What you will do. Starting at the line that contains "28 Brookview Road" and stopping after the line that contains "About us robots logo", transcribe the listing below exactly; do not include any pictures.

Records for this exercise section start

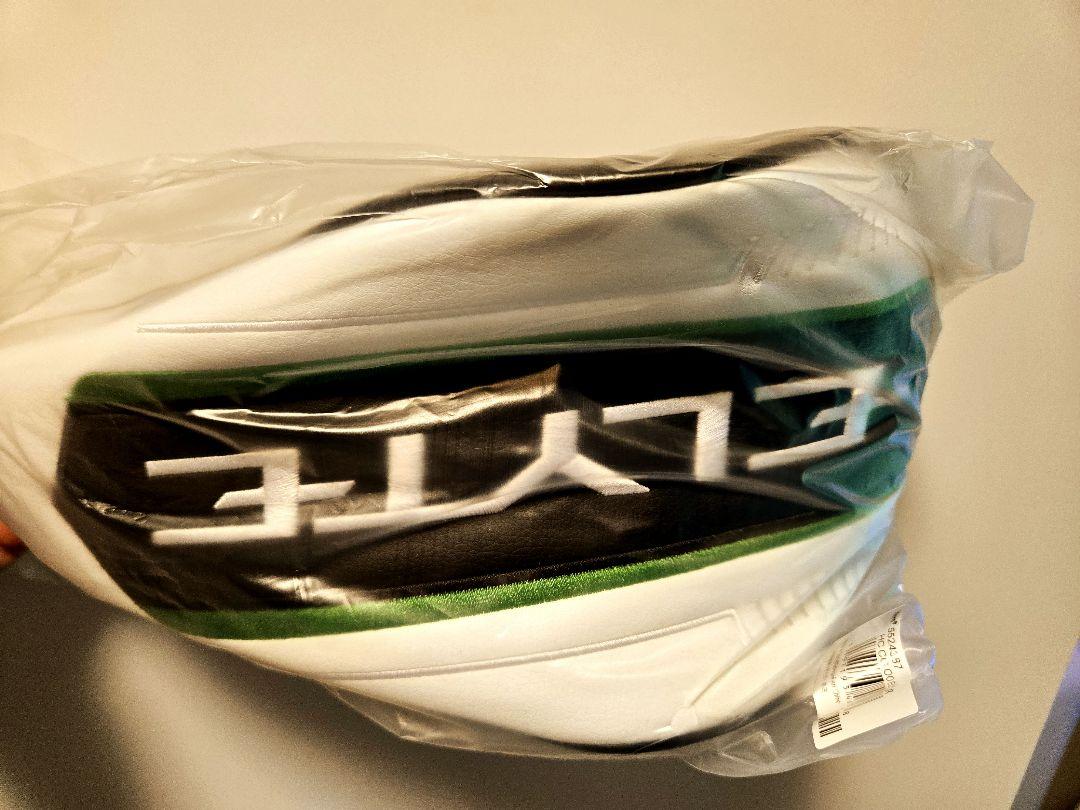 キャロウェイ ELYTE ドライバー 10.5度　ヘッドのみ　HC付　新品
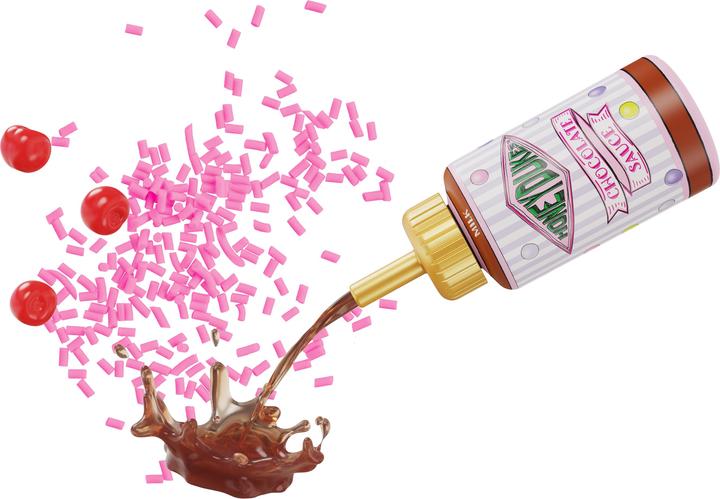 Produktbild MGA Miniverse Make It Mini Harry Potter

Records for this exercise section end
Records for this exercise section start

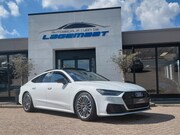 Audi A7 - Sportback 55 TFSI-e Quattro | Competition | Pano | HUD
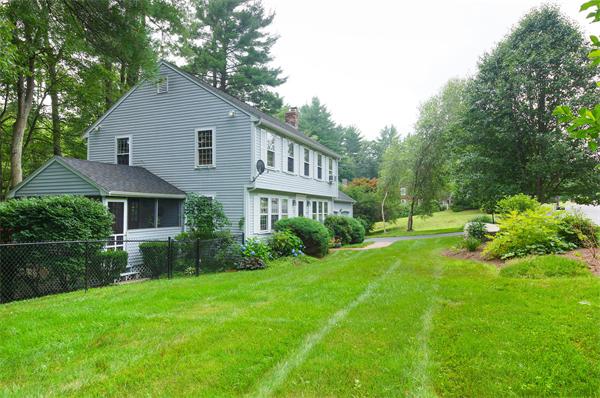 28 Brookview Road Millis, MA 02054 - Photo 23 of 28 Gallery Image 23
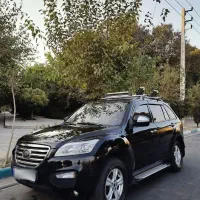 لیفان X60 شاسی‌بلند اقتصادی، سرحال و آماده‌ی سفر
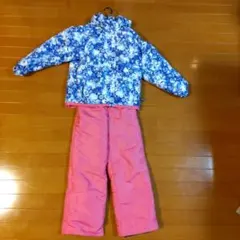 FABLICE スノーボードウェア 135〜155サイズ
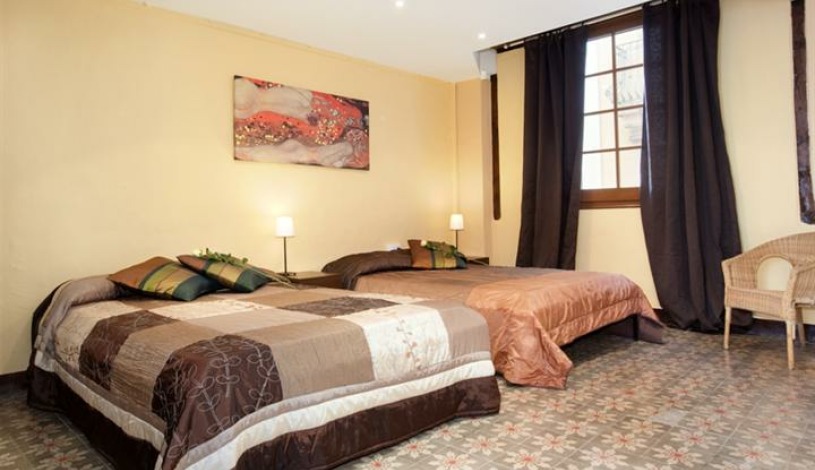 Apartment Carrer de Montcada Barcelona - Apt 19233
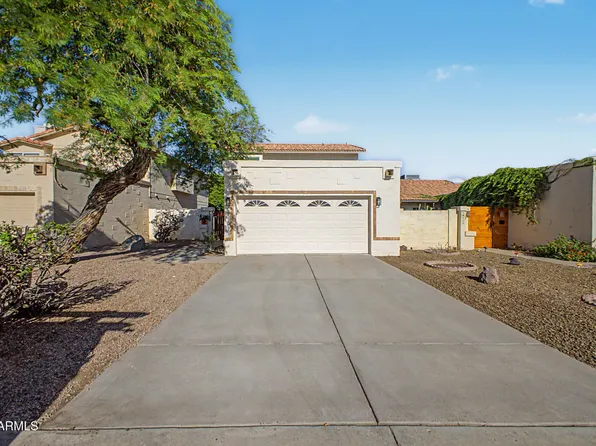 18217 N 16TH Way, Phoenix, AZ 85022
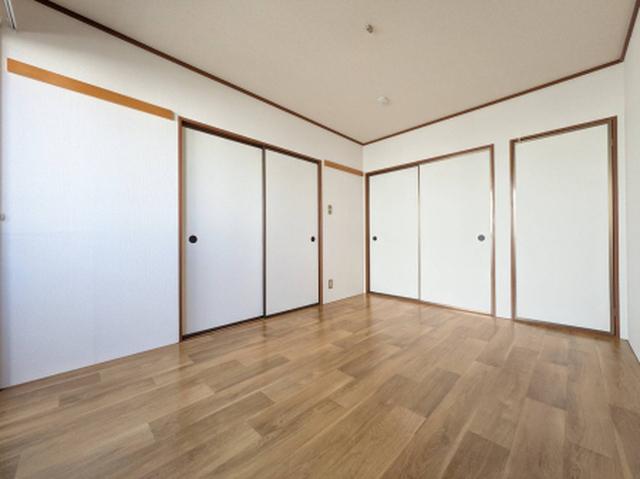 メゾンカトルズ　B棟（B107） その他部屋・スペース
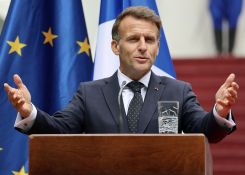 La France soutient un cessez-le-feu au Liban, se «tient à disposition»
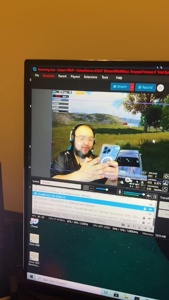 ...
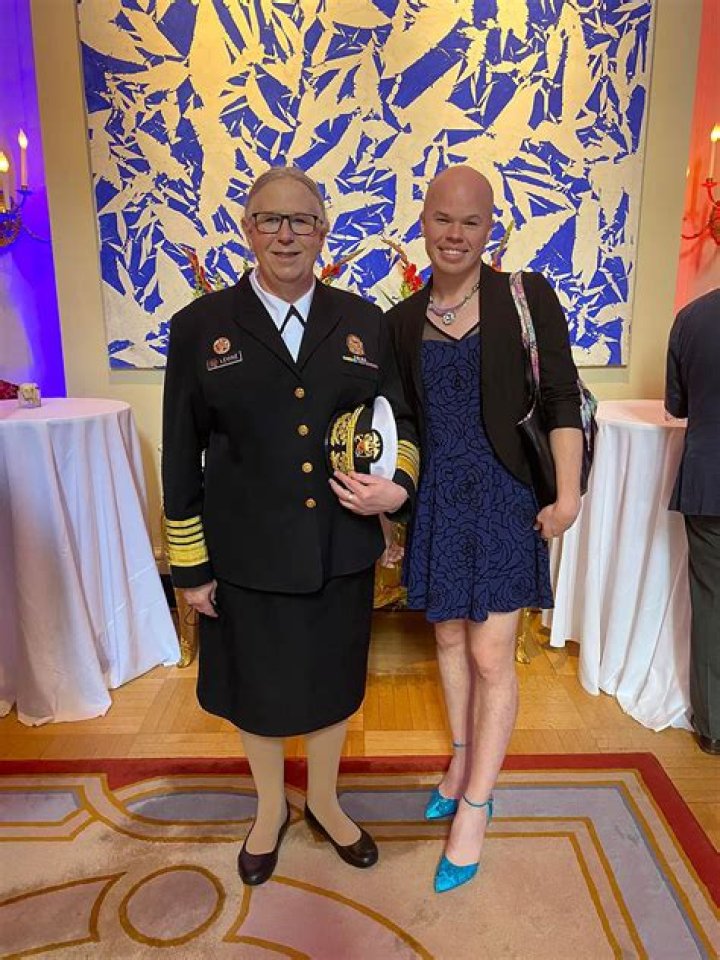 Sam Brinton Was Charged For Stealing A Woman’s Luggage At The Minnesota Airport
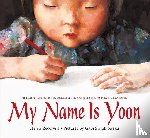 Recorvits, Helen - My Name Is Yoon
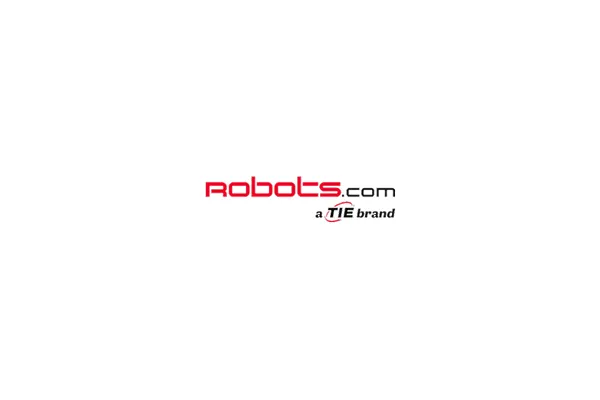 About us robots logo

Records for this exercise section end
Records for this exercise section start

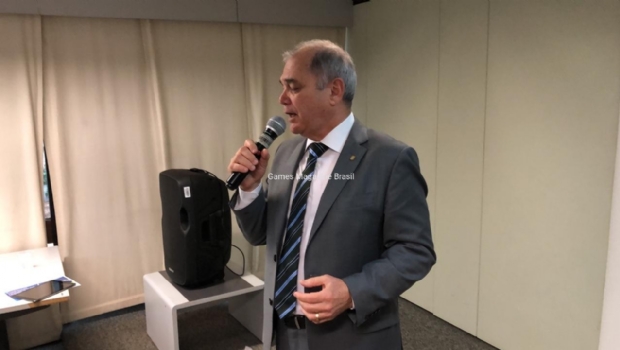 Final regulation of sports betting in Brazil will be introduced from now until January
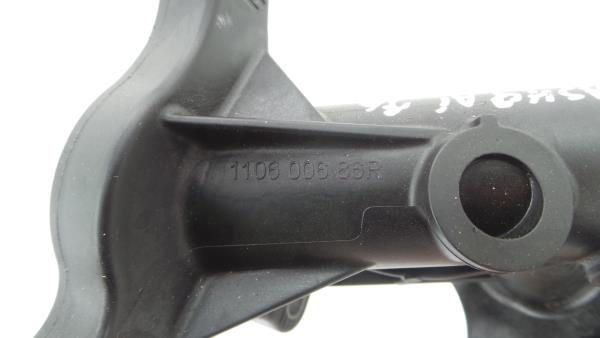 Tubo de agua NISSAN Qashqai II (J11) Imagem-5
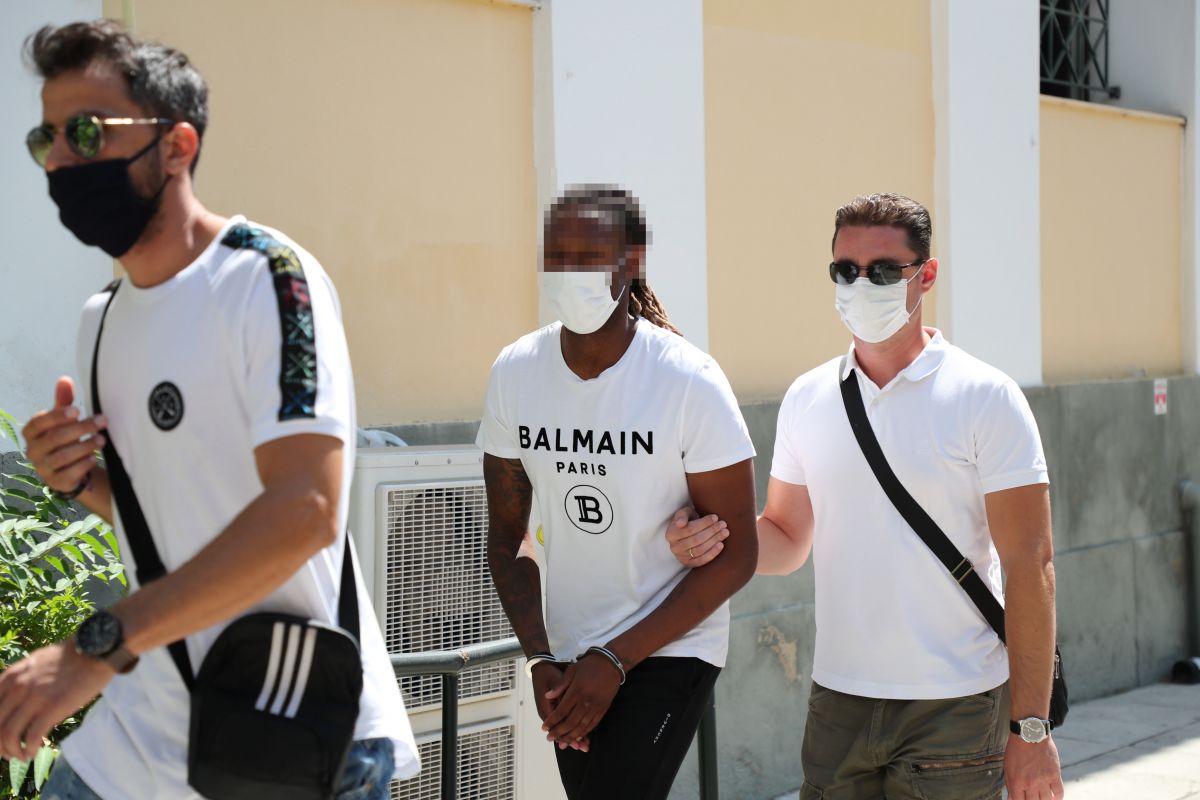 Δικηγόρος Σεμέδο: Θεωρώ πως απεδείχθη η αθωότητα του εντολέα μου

Records for this exercise section end

Written solution.
 28 Brookview Road Millis, MA 02054 - Photo 23 of 28 Gallery Image 23
 لیفان X60 شاسی‌بلند اقتصادی، سرحال و آماده‌ی سفر
 FABLICE スノーボードウェア 135〜155サイズ
 Apartment Carrer de Montcada Barcelona - Apt 19233
 18217 N 16TH Way, Phoenix, AZ 85022
 メゾンカトルズ　B棟（B107） その他部屋・スペース
 La France soutient un cessez-le-feu au Liban, se «tient à disposition»
 ...
 Sam Brinton Was Charged For Stealing A Woman’s Luggage At The Minnesota Airport
 Recorvits, Helen - My Name Is Yoon
 About us robots logo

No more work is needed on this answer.